Le second volet de cette réflexion touffue et passionnante, La fulgurante recréation, s’attache à décrire les modèles sociaux économiques qui émergent partout dans ce monde en remodelage permanent. Dans une démarche dialectique constante, l’ouvrage écrit avec l’économiste Nicolas Vaillant est construit comme une confrontation intellectuelle et multidisciplinaire au gré d’échanges variés. Erik Orsenna a préfacé le livre et une myriade de contributeurs ont confronté leur analyse et leur vision du monde avec celle de Pierre Giorgini : théologiens, historiens, philosophes, anthropologues, économistes… Un retour aux racines mêmes de l’Université, au sens propre : penser le monde, penser le mouvement, c’est échanger, interroger, confronter, dialoguer, opposer les points de vue des uns et de autres.
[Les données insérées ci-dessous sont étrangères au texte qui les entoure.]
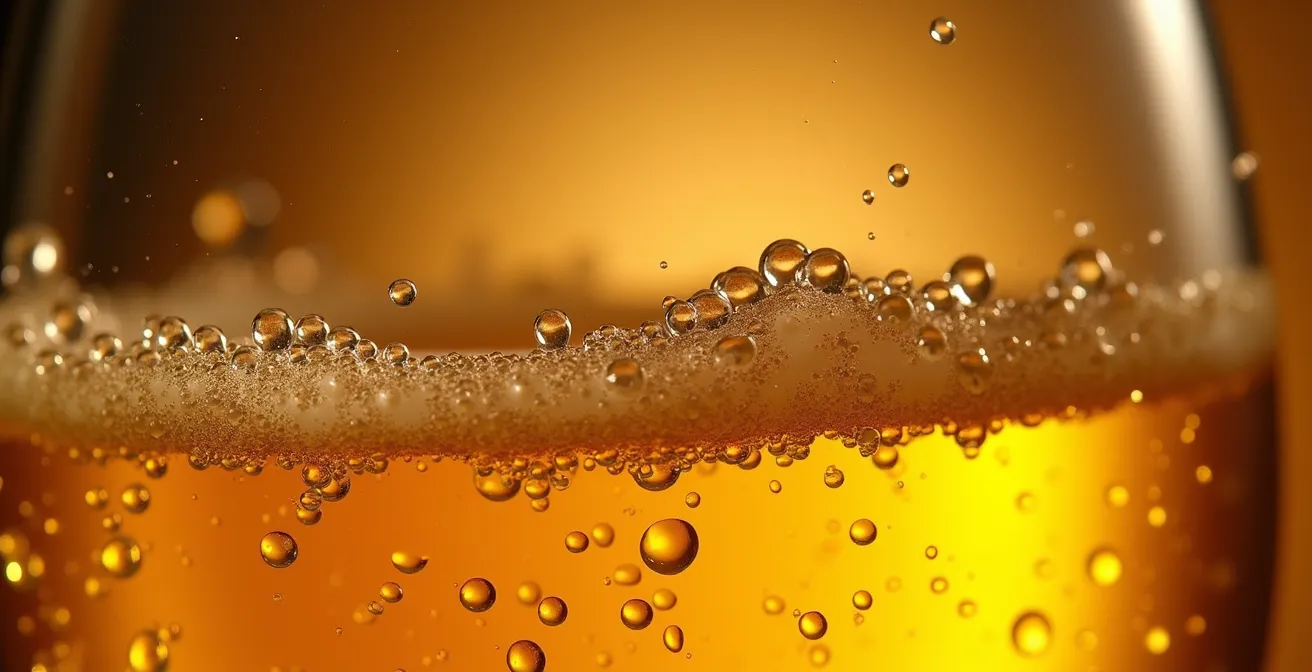 Vue macro des bulles de champagne montant dans un verre en cristallin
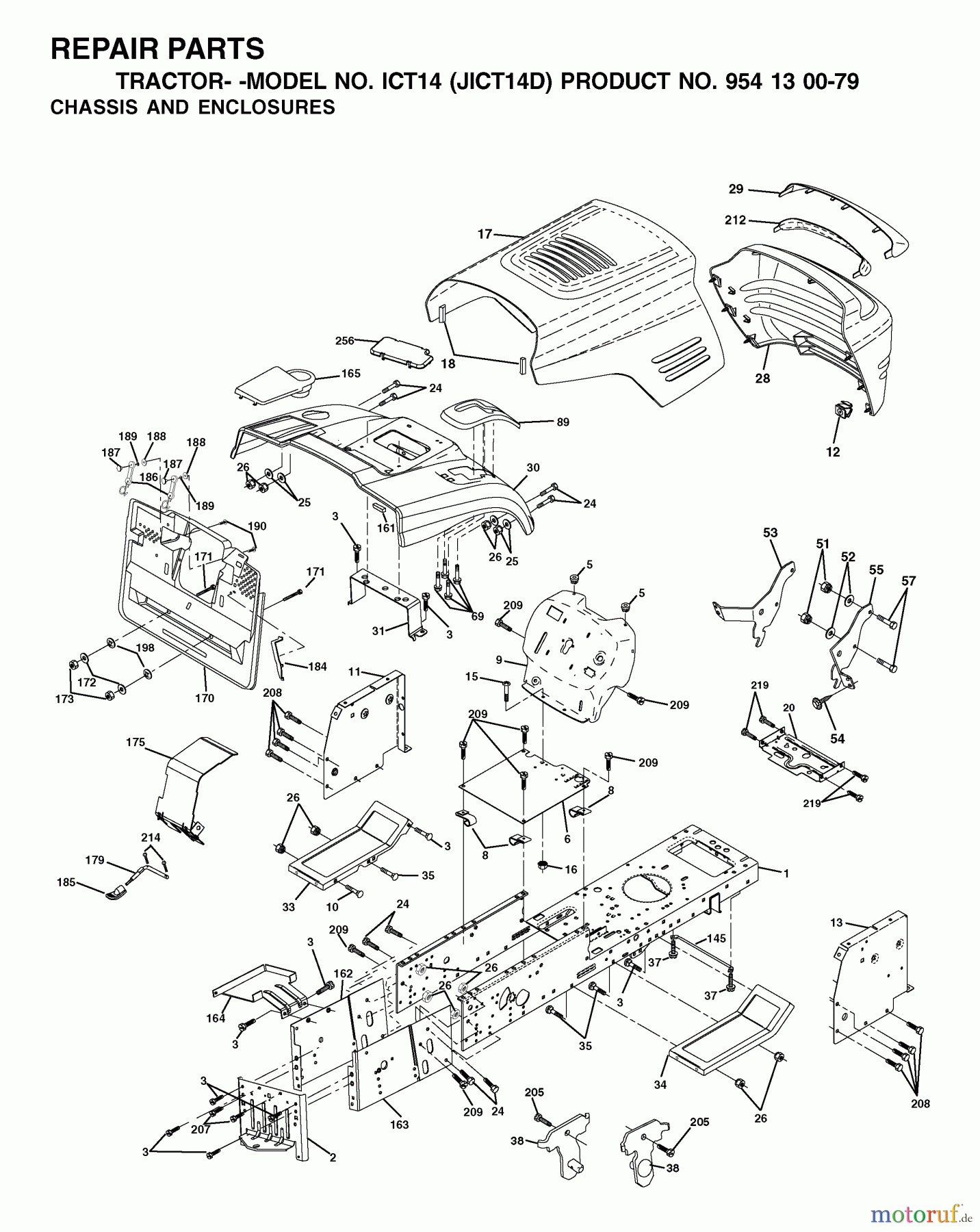 Jonsered Rasen und Garten Traktoren ICT14 (JICT14D, 954130079) - Jonsered Lawn & Garden Tractor (2002-06) CHASSIS ENCLOSURES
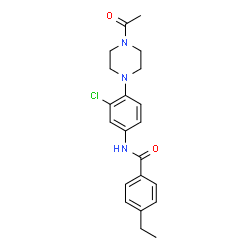 ChemSpider 2D Image | N-[4-(4-Acetyl-1-piperazinyl)-3-chlorophenyl]-4-ethylbenzamide | C21H24ClN3O2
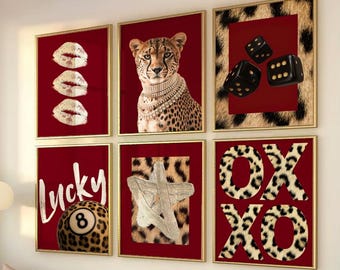 Red Leopard Print Set: Coquette Girly Wall Art (Digital Download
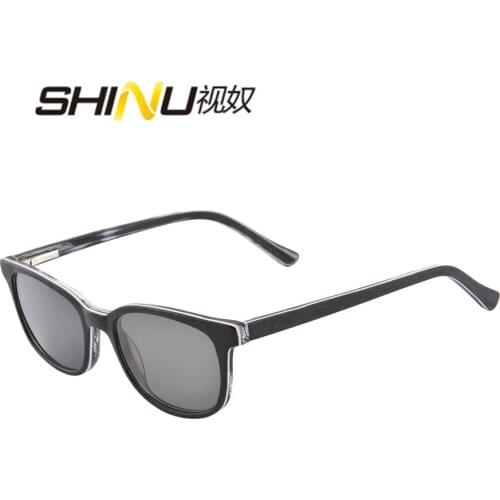 SHINU acatate sunglasses polarized lens myopia eyeglasses men women cr 39 resin polarized lens prescription eyewear M115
Avenir des démocraties, des modèles économiques et sociaux, des modes d’apprentissage académiques, remise en cause des cadres universitaires, intellectuels et professionnels, avenir de la notion de valeur… Tout y passe, avec une récompense : l’enthousiasme qui ressort de l’essai, au travers de la vitalité de la centaine d’exemples de modèles de créativité ou d’innovation évoqués au fil des pages. De quoi lutter contre un certain déclinisme ambiant, triste mélange de découragement et de colère. S’il y a un message dans ce livre, peut-il est-il là : le monde change, oui – et nous pouvons nous en emparer intelligemment.
La recréation fulgurante, avec N. Vaillant, Bayard, 2016.